■ **Aim of the task**
As the answer, set down the lines below from the one containing "Thomas Kinkade Serenity Cove Shower Curtain" through the one containing "Small American classic suede coat", exactly and inclusively, and no others.

BEGIN Data records

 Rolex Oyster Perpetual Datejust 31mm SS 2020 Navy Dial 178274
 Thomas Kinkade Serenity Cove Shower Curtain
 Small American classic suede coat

END Data records
BEGIN Data records

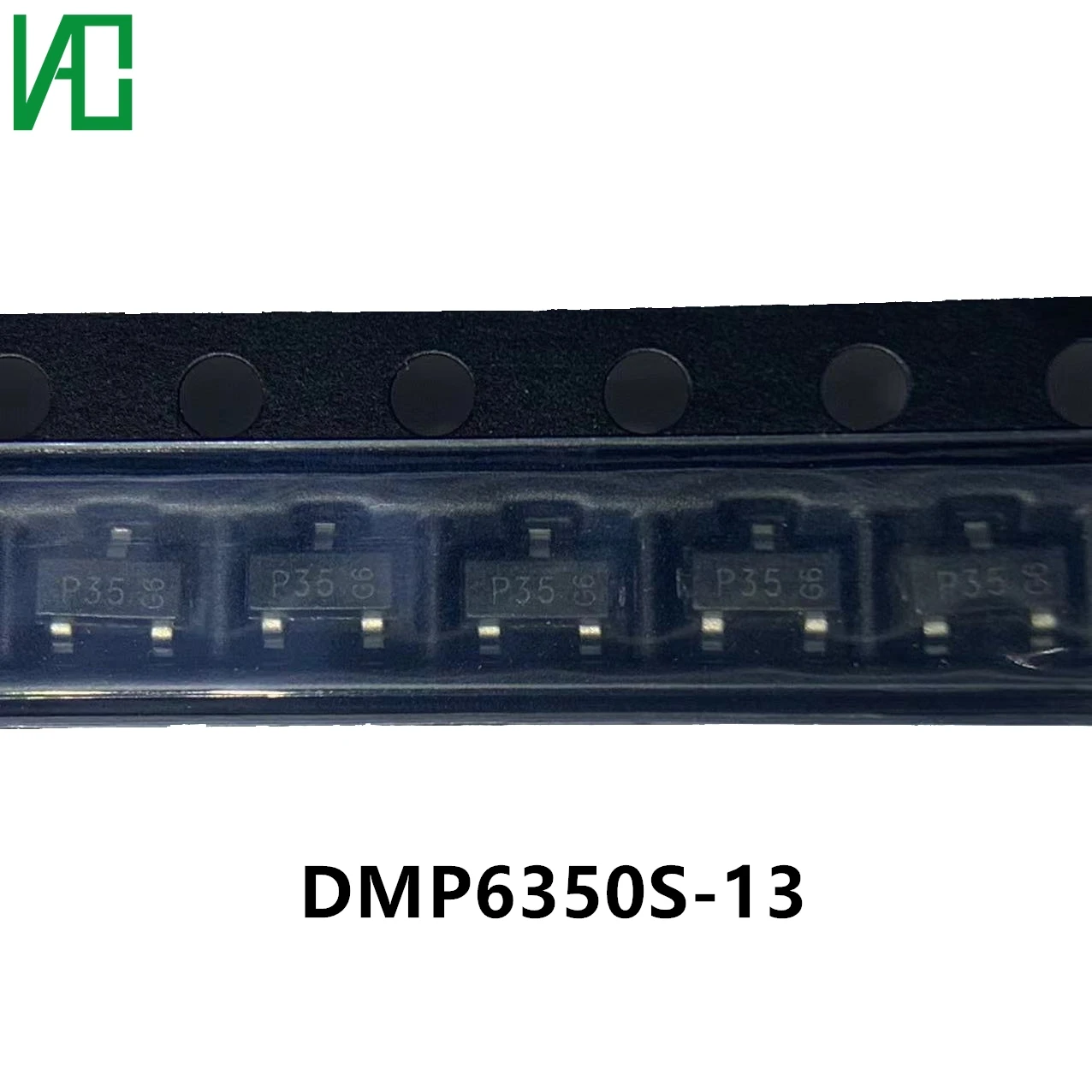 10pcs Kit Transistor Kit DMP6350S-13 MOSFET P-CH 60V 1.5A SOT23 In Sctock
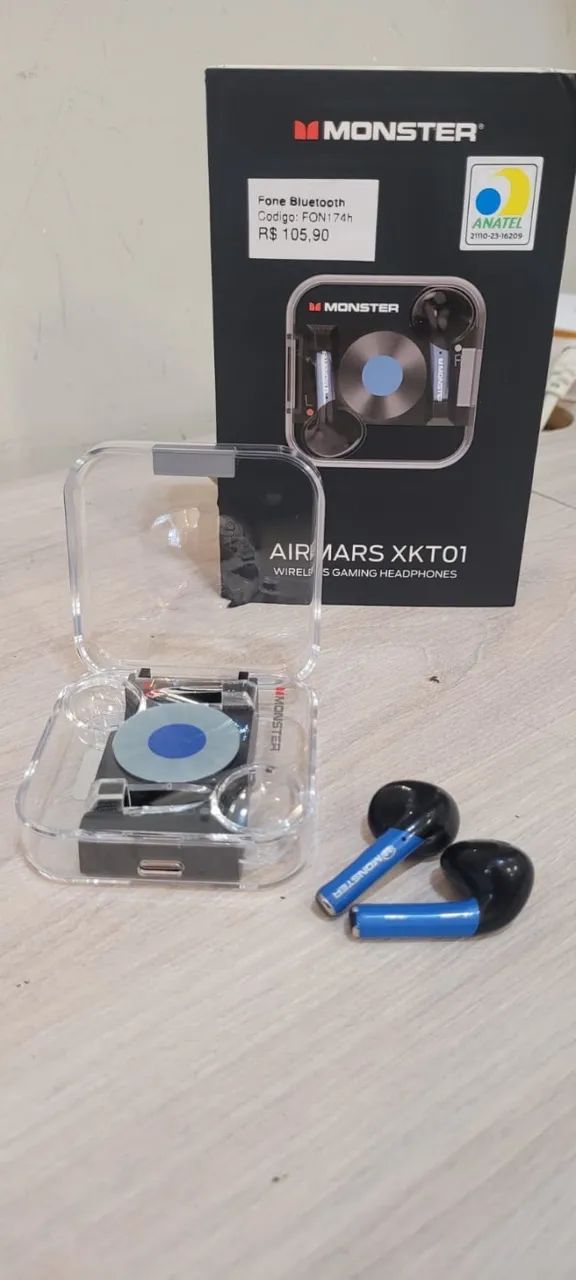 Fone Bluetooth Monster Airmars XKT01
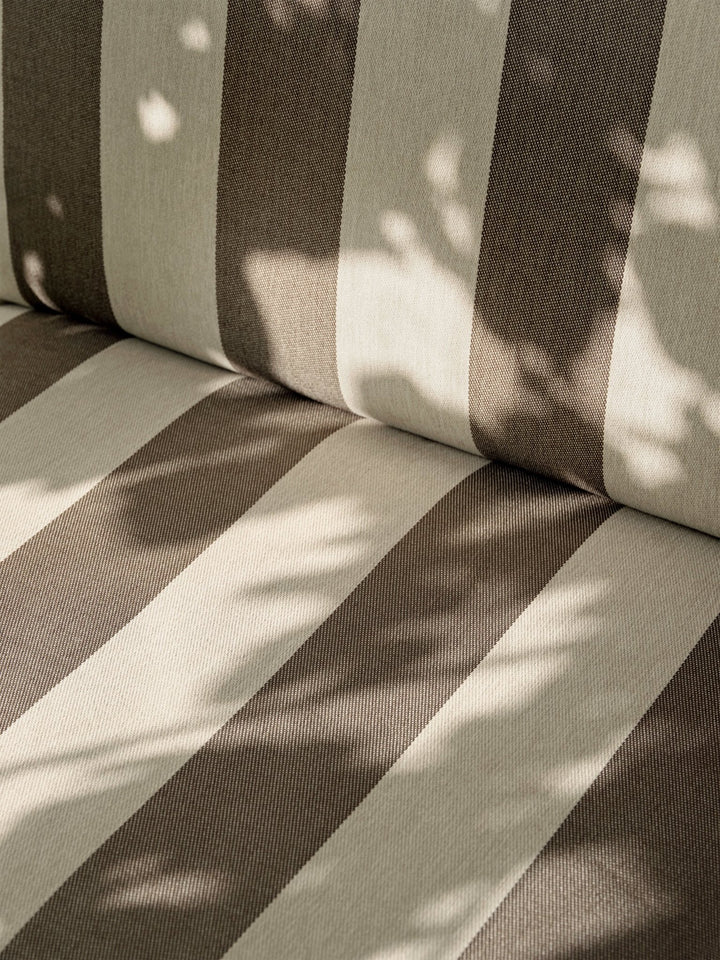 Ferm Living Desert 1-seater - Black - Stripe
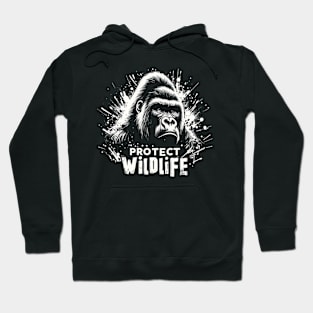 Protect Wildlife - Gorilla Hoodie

END Data records

■ **Your solution**
 Thomas Kinkade Serenity Cove Shower Curtain
 Small American classic suede coat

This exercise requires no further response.